My trial was as follows: let $v \in \mathbb{ R^m}$ if $K$ is positive definite then $$\det(\lambda^2 I+ B \lambda +K )=0 \implies \exists v: v^T(\lambda^2 I+ B \lambda +K)v=0 \implies \lambda^2 v^2+ v^TBv \lambda +v^TKv=0.$$ All the coefficients are positive, so real part of $\lambda$ must be negative. The same argument can be used when $K<0$, the remaining case is when $K$ is indefinite.


Edit

As Ben Grossmann showed the system can be seen as the characteristic equation of: $$ J = \pmatrix{0&&I \\ -K && -B}. $$ where $B>0$, $J$ cannot have an eigenvalue with purely imaginary part if it did then $ \exists v: v^H((bi)^2 I+ B (bi) +K)v=0 \implies v^HBvb=0 \iff b=0$

Let $n_0(A)$ denote the number of zero eigenvalues of A.

lemma 1: $n_0(K)=n_0(J)$

we observe that the reduced echelon form of $J$ is: $$ J_{red} = \pmatrix{I&&0\\0 && K}. $$ so $n_0(K)=n_0(J)$.

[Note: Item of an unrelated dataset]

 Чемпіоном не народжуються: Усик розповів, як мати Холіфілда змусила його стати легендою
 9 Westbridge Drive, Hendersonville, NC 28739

Let $G(t)=K+t I$ and let $$ J(t)=\pmatrix{0&&I\\-G(t) &&-B} $$ observe that as $t\rightarrow \infty$,$G(t)>0 \implies n_-(J(t))=2m$ and as $t\rightarrow -\infty$ , $G(t)<0 \implies n_-(J(t))=n_+(J(t))=m$. Let the eigenvalues of $J(t)$ be $\{\lambda_i(t)\}$.

As $t$ goes from $-\infty$ to $+\infty$, the eigenvalues of $G(t)$ become zero $m$ times which is when they change signs. By lemma 1, the eigenvalues of $J(t)$ must also become zero $m$ times and those times are exactly when eigenvalues of $G(t)$ are zero. It is not difficult to see that the eigenvalues $J(t)$ are zero exactly when one of the positive eigenvalues change signs to negative, if not then one of the positive eigenvalues of $J(t)$ won't change signs and would remain positive as $t \rightarrow +\infty$ which is a contradiction.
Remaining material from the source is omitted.